I think some people have anxiety (and think), “You’re experimenting on me.” We don’t like to call it experimenting. But yes, you can think of it as the fact that you are testing out a drug that maybe has not been given to a lot of people.
If you’re (on a phase 1 trial), then yes, you are one of the first people ever to get that drug. If you’re on a phase 2 trial, you’re looking at response (to the drug): We’ve already defined the dose, we know what the dose is, we know what the (side) effects are. People did get (the drug) before you, and (it was deemed promising enough to move) forward to phase 2. By the time it gets to phase 3 — where you’re randomly comparing it to standard of care — there’s plenty of knowledge. (There’s often already publicly) presented data or published data from the prior clinical trials, so you are going into a trial to get ... a drug or combination that you (might not be able to) get outside the trial.
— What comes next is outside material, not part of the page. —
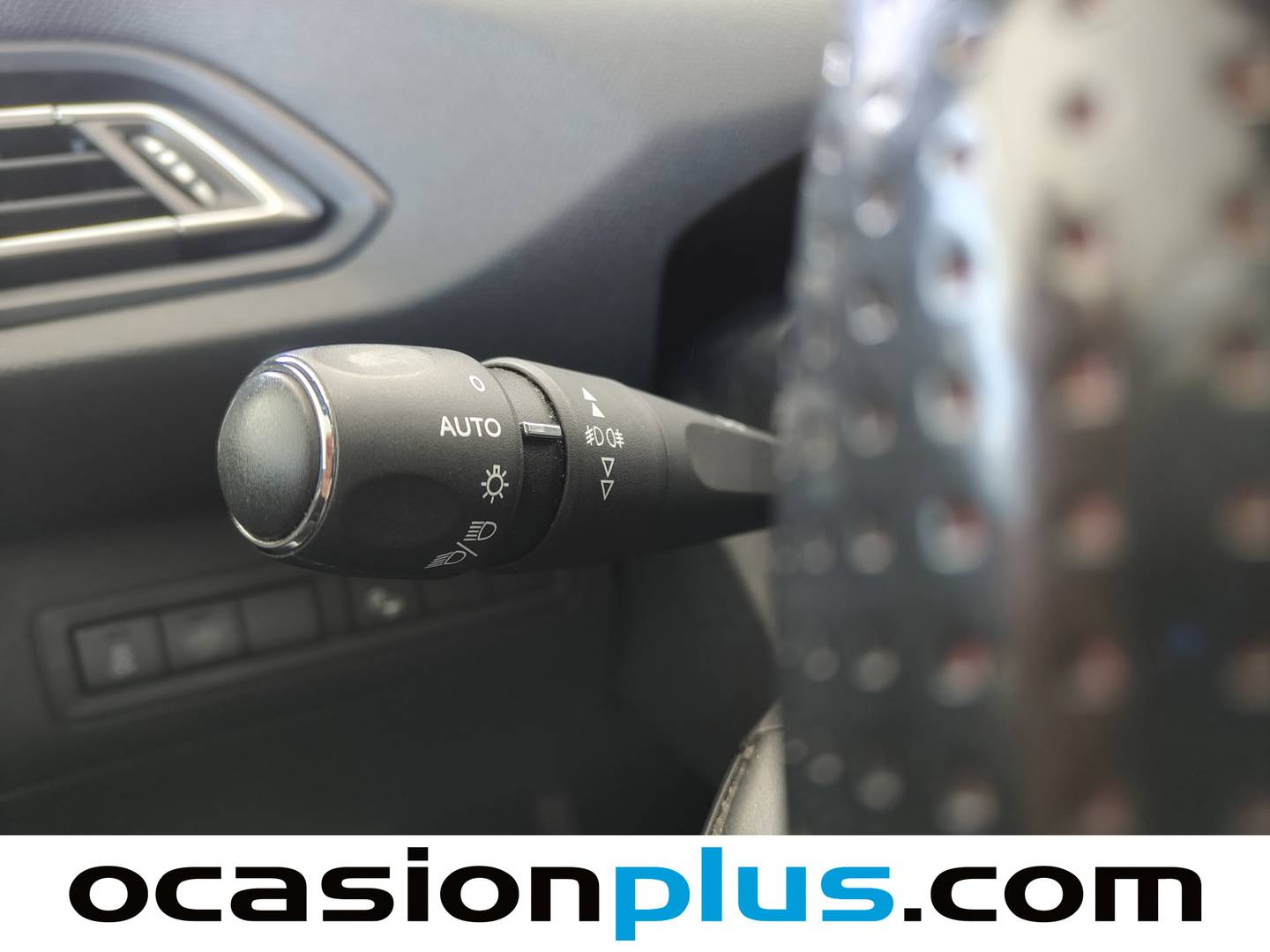 Peugeot 308 Peugeot 308 SW 2.0 BlueHDI GT Line (150 CV) manual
But hopefully that’s something that will benefit you and then benefit society as a whole if (it) leads to subsequent approval of that drug.
Of course the Leukemia & Lymphoma Society is a great (resource) that really helps to match up patients with trials in their area. This is one of the issues about clinical trials: It’s probably easier for patients in larger metropolitan areas to participate than it might be for someone who lives in a really rural area where they’re not that close to their medical center. They have to be able to get there.
There are certain trials where the larger centers will partner with smaller practitioners. ... In some of the cooperative groups, that hub-and-spoke model is how they operate. So for example, there are major academic centers, but then there are affiliated, much smaller centers that participate in those trials too. So cooperative group trials are sometimes easier for patients to have access to because of their design. And you don’t have to (go) to one of, say, the four centers that’s doing that trial. So that can be really helpful.
A number of different sites can be really helpful when trying to identify trials, particularly in a certain region, (because you probably don’t want) a patient who lives in Arizona (to have) to fly to New York on a weekly basis. I mean, that’s realistically not going to work. There are other trials at major centers where they have to go to the trial to enroll, but some of the treatment — particularly if it’s an oral agent that the patient takes themselves — can actually be administered at home.
So those kinds of trials, the patients do have some back and forth to the trial center, but much less than if it’s a drug that actually has to be delivered at the trial center. Some do, some don’t. There are a variety of possibilities, even for people who don’t live in highly populated metropolitan areas, to potentially (participate) in a clinical trial.